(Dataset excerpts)
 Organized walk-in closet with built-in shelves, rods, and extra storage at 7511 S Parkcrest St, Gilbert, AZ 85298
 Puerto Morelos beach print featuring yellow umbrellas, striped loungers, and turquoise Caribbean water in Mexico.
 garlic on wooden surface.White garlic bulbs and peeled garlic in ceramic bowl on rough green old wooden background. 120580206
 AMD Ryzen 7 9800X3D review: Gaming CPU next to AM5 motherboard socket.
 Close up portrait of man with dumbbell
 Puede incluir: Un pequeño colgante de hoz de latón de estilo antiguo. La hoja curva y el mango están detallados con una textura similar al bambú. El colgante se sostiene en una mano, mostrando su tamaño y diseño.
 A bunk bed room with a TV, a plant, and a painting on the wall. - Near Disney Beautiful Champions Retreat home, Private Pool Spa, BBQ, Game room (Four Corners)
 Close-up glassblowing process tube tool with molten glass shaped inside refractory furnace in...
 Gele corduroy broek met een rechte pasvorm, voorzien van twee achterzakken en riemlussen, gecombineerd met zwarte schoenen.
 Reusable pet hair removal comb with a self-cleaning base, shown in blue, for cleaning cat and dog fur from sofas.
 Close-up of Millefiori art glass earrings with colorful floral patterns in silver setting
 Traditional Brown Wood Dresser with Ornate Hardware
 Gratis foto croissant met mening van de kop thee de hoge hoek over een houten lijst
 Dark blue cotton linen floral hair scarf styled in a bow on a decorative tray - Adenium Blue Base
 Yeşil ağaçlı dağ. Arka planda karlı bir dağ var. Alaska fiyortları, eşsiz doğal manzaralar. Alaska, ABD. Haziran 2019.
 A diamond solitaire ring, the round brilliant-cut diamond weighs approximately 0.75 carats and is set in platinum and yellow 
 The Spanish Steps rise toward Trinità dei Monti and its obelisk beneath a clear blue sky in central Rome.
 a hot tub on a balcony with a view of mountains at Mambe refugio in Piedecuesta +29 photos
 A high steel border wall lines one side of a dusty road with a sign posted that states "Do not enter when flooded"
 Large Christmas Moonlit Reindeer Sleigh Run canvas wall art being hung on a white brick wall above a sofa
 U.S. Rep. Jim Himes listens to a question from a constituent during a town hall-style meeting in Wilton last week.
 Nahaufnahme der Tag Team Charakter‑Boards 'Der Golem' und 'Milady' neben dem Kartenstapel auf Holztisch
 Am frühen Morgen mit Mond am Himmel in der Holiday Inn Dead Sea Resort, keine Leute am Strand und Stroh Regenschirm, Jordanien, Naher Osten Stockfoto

• Instructions to follow:
Output, from the data above, the lines from the line with "Traditional Brown Wood" to the line with "A diamond solitaire" exactly as they stand, both ends included and nothing else.

• Completed task:
 Traditional Brown Wood Dresser with Ornate Hardware
 Gratis foto croissant met mening van de kop thee de hoge hoek over een houten lijst
 Dark blue cotton linen floral hair scarf styled in a bow on a decorative tray - Adenium Blue Base
 Yeşil ağaçlı dağ. Arka planda karlı bir dağ var. Alaska fiyortları, eşsiz doğal manzaralar. Alaska, ABD. Haziran 2019.
 A diamond solitaire ring, the round brilliant-cut diamond weighs approximately 0.75 carats and is set in platinum and yellow 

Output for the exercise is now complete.